**Aim of the exercise**
Make an exact copy of the whole listing, but leave its pictures out.
★ ★ ★ ★
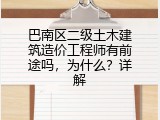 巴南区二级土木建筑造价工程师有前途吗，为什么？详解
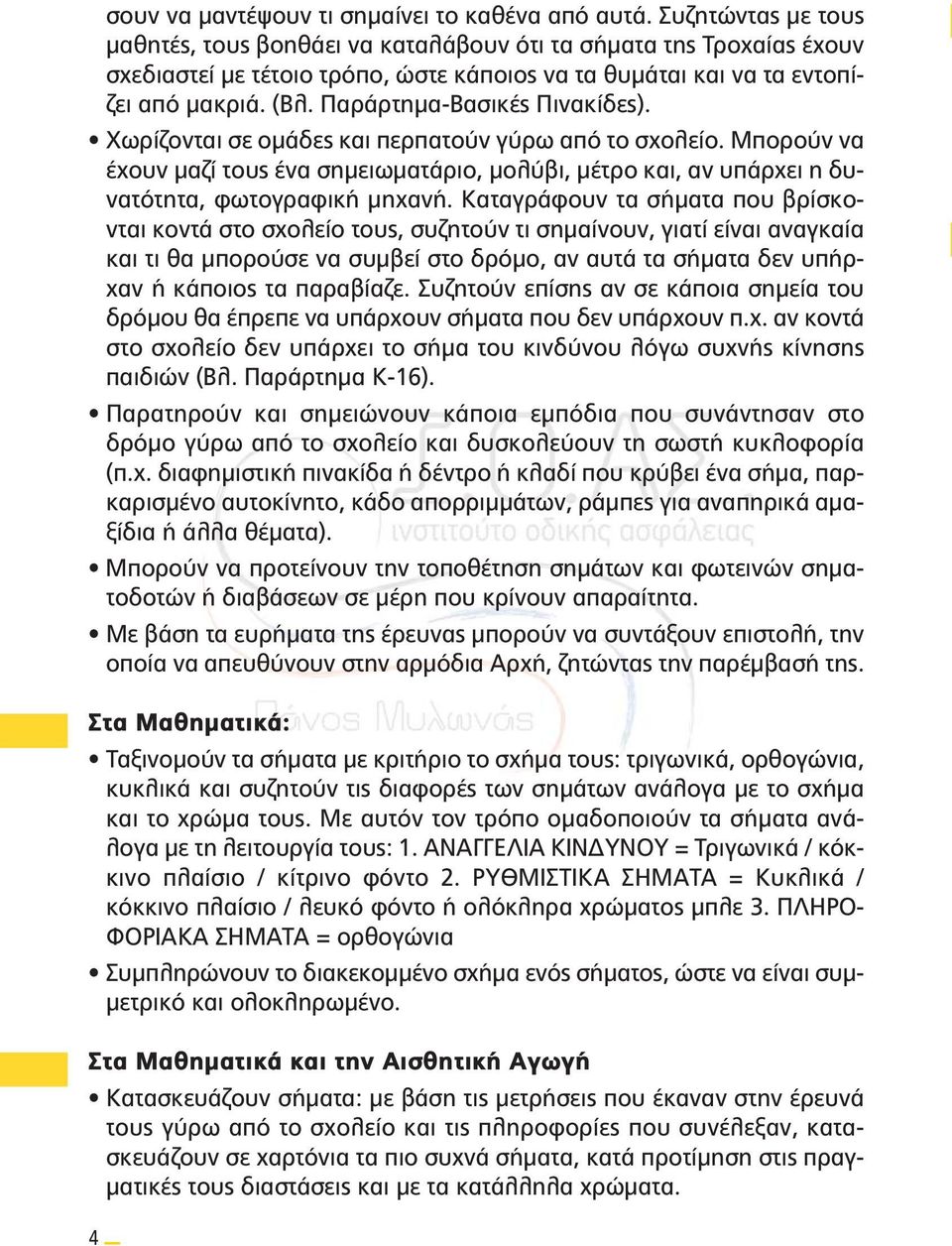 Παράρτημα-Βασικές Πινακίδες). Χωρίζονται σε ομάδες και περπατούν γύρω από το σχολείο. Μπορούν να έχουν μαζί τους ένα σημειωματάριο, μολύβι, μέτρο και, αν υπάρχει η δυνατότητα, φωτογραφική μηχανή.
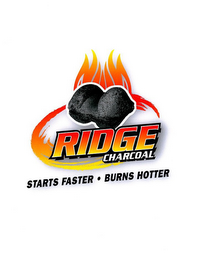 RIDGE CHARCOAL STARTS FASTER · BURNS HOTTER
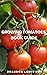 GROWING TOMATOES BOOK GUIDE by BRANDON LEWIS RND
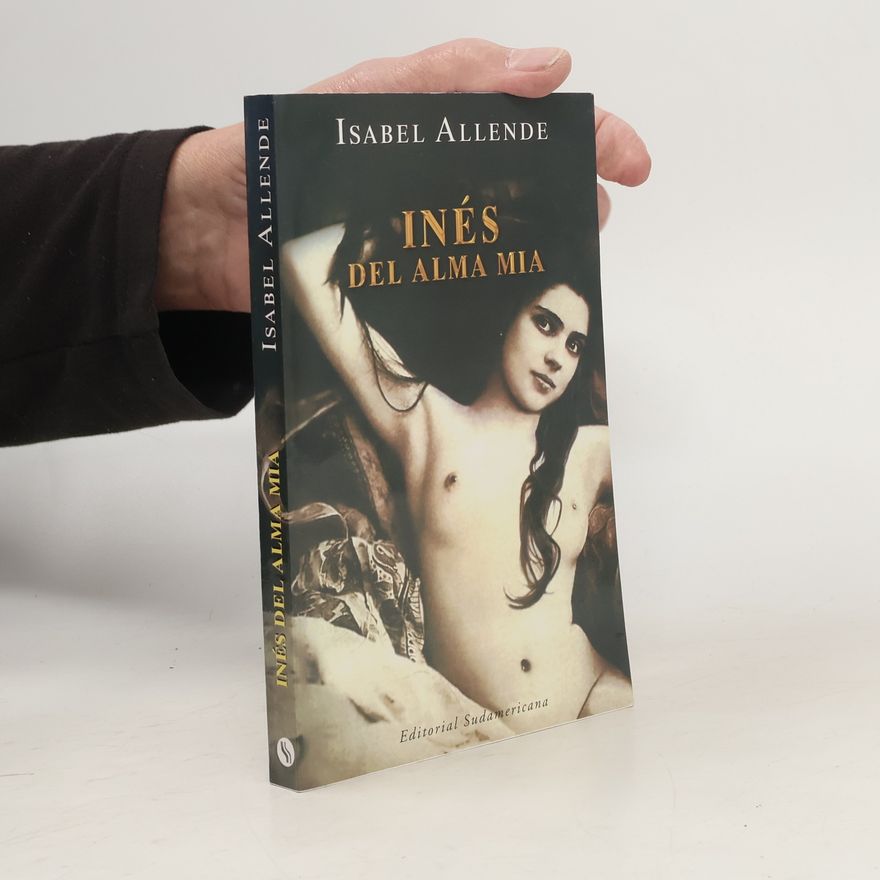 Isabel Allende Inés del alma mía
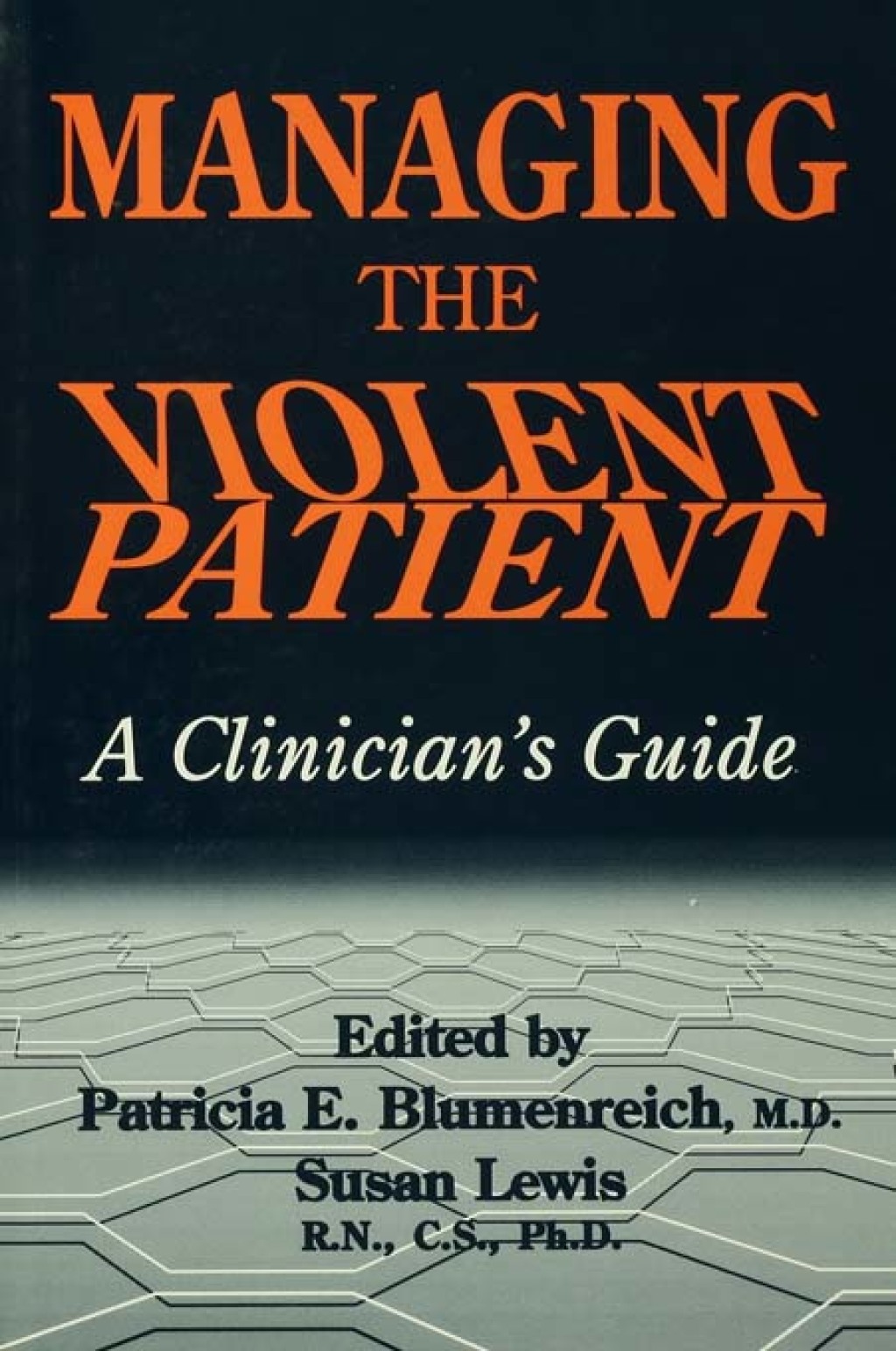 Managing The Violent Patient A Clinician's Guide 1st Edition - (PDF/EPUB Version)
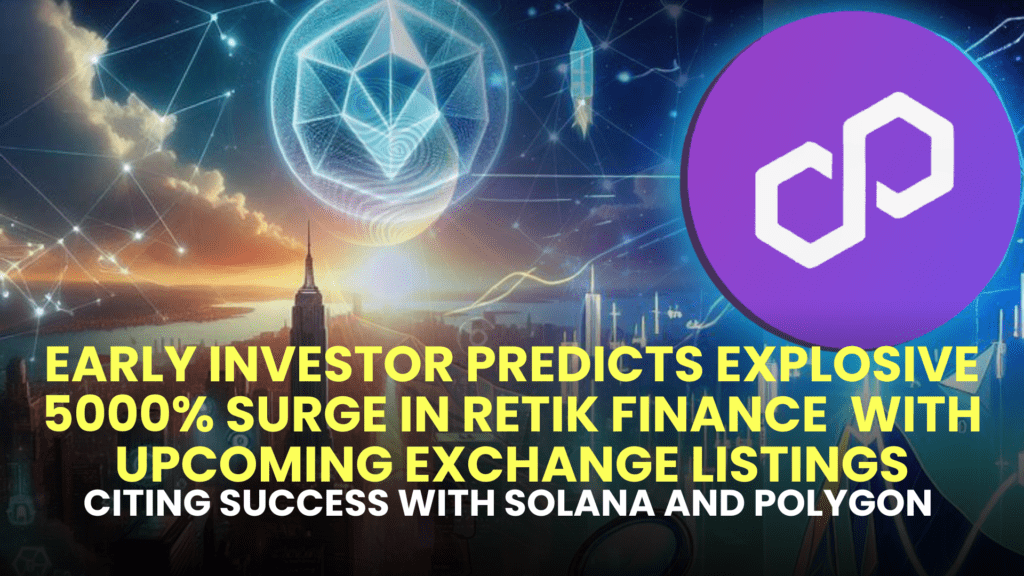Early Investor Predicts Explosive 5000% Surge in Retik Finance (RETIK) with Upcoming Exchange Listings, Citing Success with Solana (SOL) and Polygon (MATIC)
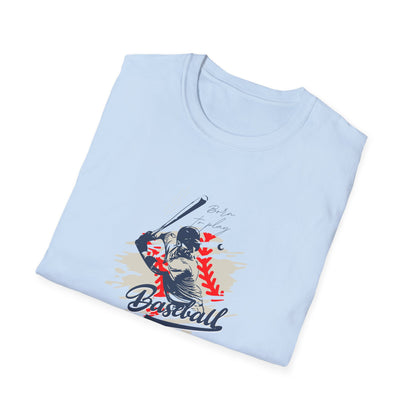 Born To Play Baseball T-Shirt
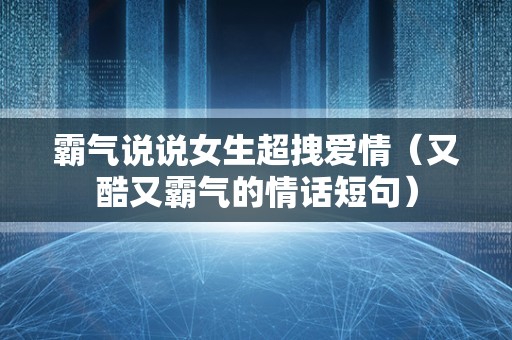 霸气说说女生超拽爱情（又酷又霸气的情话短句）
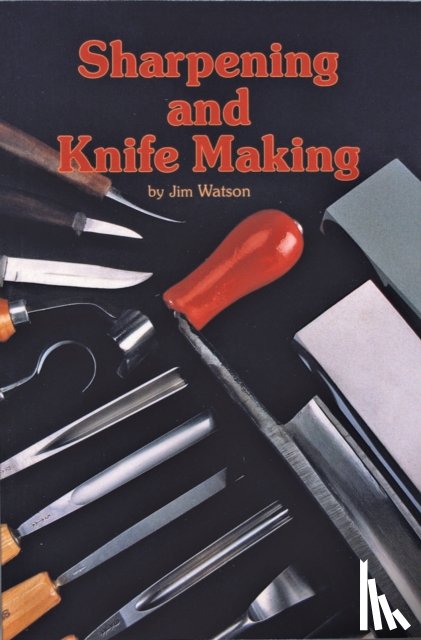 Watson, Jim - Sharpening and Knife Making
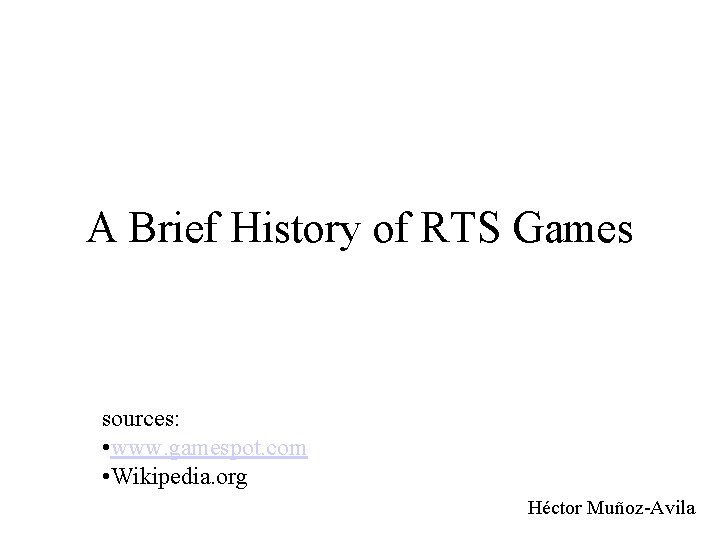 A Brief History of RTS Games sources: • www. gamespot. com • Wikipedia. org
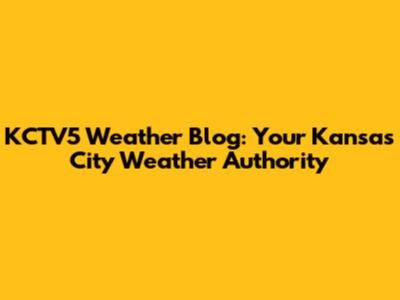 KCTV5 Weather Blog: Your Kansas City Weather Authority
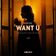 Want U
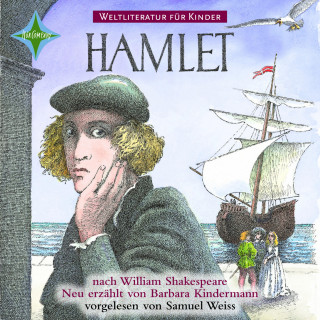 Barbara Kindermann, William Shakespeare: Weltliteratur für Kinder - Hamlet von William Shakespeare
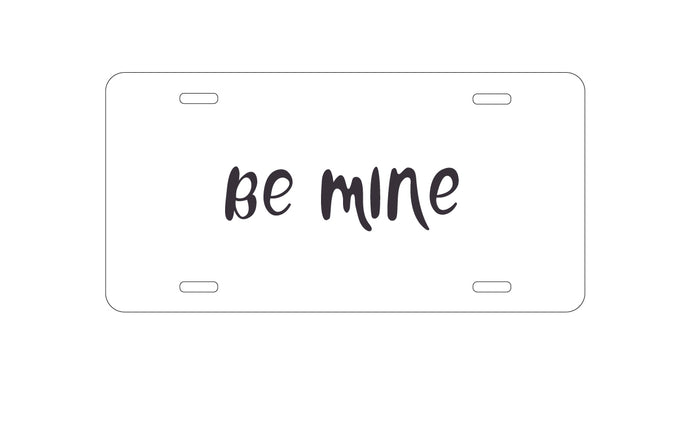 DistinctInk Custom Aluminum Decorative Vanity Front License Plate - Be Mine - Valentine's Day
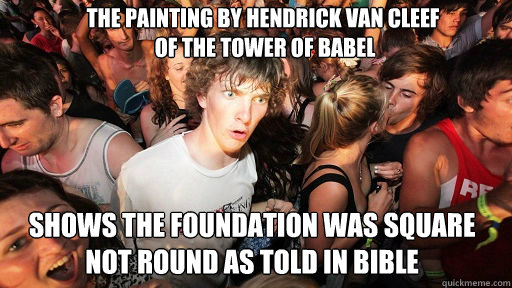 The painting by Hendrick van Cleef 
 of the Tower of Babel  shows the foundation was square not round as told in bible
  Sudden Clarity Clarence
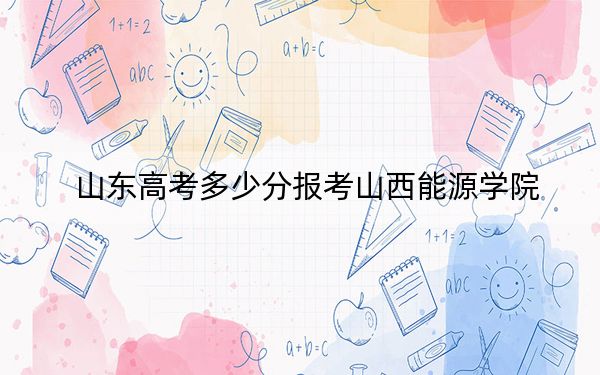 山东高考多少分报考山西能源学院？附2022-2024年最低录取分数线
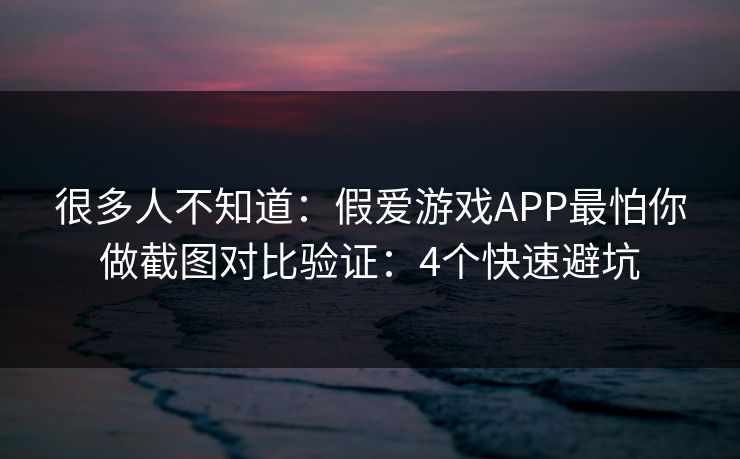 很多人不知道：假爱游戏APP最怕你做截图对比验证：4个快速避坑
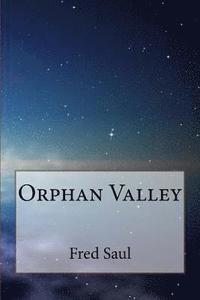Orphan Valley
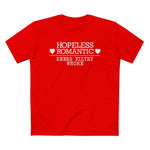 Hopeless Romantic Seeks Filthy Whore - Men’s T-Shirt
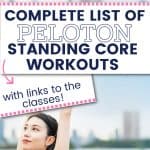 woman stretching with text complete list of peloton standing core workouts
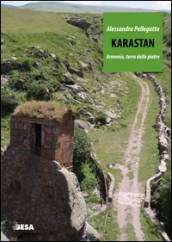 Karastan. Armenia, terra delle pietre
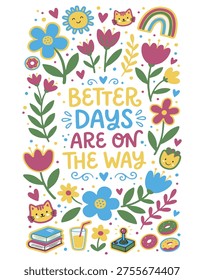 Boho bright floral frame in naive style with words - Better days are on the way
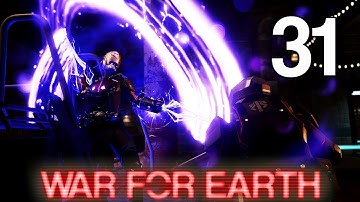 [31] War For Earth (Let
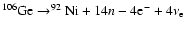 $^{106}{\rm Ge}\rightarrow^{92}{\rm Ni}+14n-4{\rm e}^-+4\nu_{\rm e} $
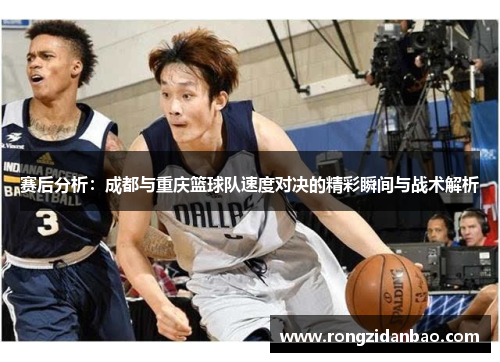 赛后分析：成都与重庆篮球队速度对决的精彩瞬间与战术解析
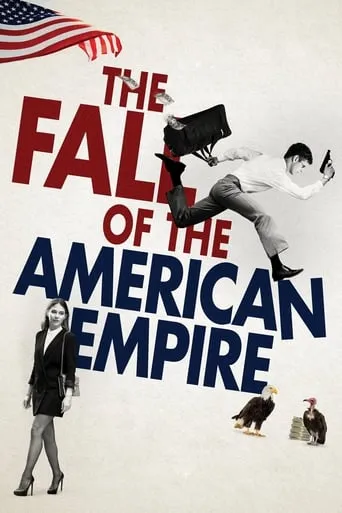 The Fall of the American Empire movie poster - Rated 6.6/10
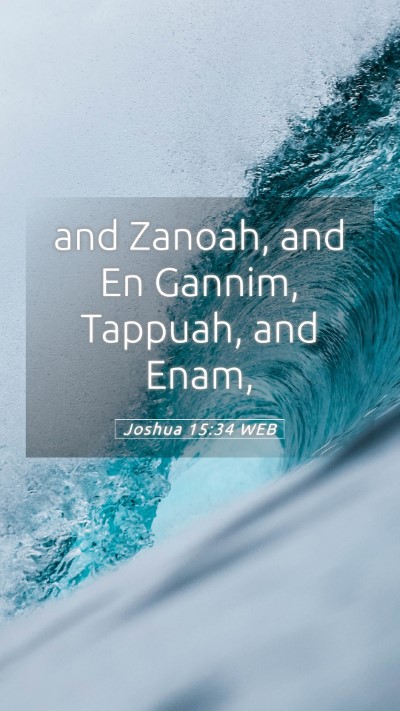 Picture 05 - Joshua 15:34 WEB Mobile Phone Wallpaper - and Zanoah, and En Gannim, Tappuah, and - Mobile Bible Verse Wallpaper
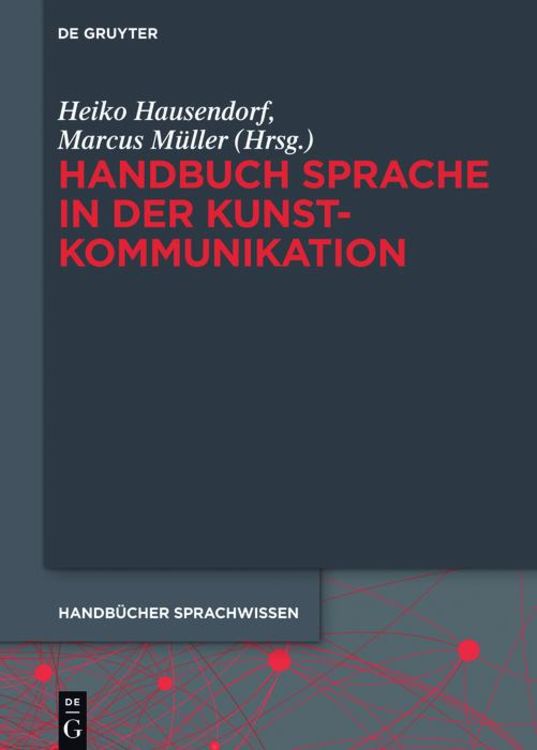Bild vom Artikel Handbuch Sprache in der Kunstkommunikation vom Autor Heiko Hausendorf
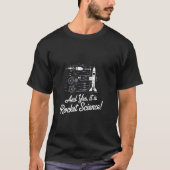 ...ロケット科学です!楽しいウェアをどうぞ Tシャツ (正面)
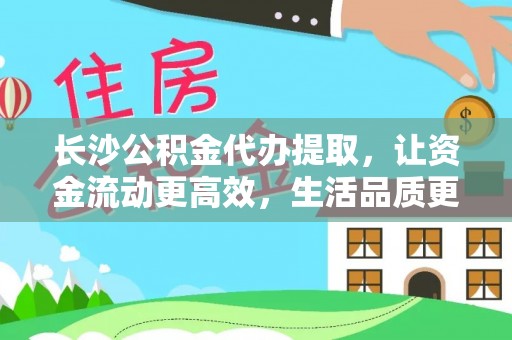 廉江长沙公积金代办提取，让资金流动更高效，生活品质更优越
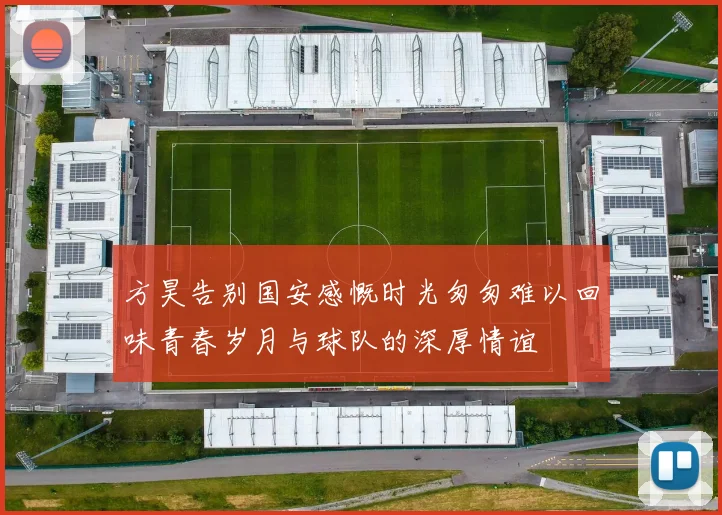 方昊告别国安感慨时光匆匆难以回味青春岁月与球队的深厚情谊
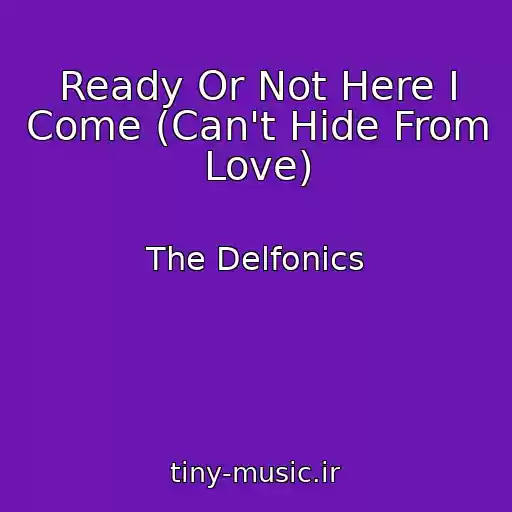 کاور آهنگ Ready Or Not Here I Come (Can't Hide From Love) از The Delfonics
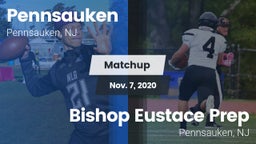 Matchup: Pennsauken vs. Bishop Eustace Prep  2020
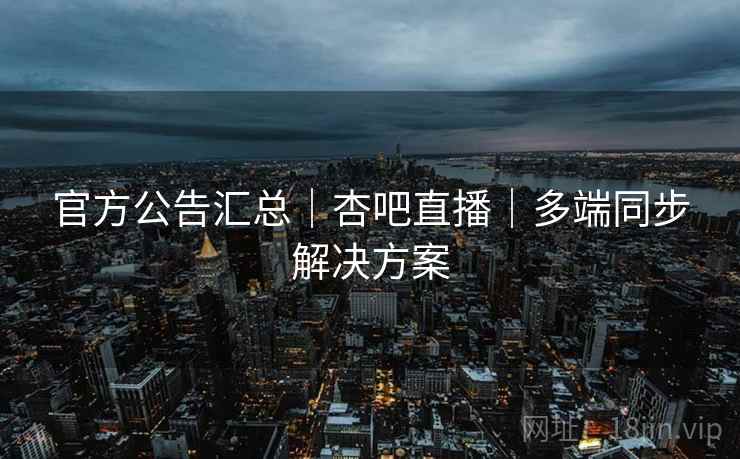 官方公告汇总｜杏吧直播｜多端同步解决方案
★ ★ ★ ★
**Result of the task**
 巴南区二级土木建筑造价工程师有前途吗，为什么？详解
 Παράρτημα-Βασικές Πινακίδες). Χωρίζονται σε ομάδες και περπατούν γύρω από το σχολείο. Μπορούν να έχουν μαζί τους ένα σημειωματάριο, μολύβι, μέτρο και, αν υπάρχει η δυνατότητα, φωτογραφική μηχανή.
 RIDGE CHARCOAL STARTS FASTER · BURNS HOTTER
 GROWING TOMATOES BOOK GUIDE by BRANDON LEWIS RND
 Isabel Allende Inés del alma mía
 Managing The Violent Patient A Clinician's Guide 1st Edition - (PDF/EPUB Version)
Early Investor Predicts Explosive 5000% Surge in Retik Finance (RETIK) with Upcoming Exchange Listings, Citing Success with Solana (SOL) and Polygon (MATIC)
 Born To Play Baseball T-Shirt
 霸气说说女生超拽爱情（又酷又霸气的情话短句）
 Watson, Jim - Sharpening and Knife Making
 A Brief History of RTS Games sources: • www. gamespot. com • Wikipedia. org
 KCTV5 Weather Blog: Your Kansas City Weather Authority
 Want U
 Barbara Kindermann, William Shakespeare: Weltliteratur für Kinder - Hamlet von William Shakespeare
 DistinctInk Custom Aluminum Decorative Vanity Front License Plate - Be Mine - Valentine's Day
 The painting by Hendrick van Cleef 
 of the Tower of Babel  shows the foundation was square not round as told in bible
  Sudden Clarity Clarence
 山东高考多少分报考山西能源学院？附2022-2024年最低录取分数线
 很多人不知道：假爱游戏APP最怕你做截图对比验证：4个快速避坑
Orphan Valley
 Hopeless Romantic Seeks Filthy Whore - Men’s T-Shirt
 woman stretching with text complete list of peloton standing core workouts
 Karastan. Armenia, terra delle pietre
 Boho bright floral frame in naive style with words - Better days are on the way
 [31] War For Earth (Let
 $^{106}{\rm Ge}\rightarrow^{92}{\rm Ni}+14n-4{\rm e}^-+4\nu_{\rm e} $
 赛后分析：成都与重庆篮球队速度对决的精彩瞬间与战术解析
 The Fall of the American Empire movie poster - Rated 6.6/10
 Picture 05 - Joshua 15:34 WEB Mobile Phone Wallpaper - and Zanoah, and En Gannim, Tappuah, and - Mobile Bible Verse Wallpaper
Bild vom Artikel Handbuch Sprache in der Kunstkommunikation vom Autor Heiko Hausendorf
 ...ロケット科学です!楽しいウェアをどうぞ Tシャツ (正面)
 廉江长沙公积金代办提取，让资金流动更高效，生活品质更优越
 方昊告别国安感慨时光匆匆难以回味青春岁月与球队的深厚情谊
 کاور آهنگ Ready Or Not Here I Come (Can't Hide From Love) از The Delfonics
 Matchup: Pennsauken vs. Bishop Eustace Prep  2020
 官方公告汇总｜杏吧直播｜多端同步解决方案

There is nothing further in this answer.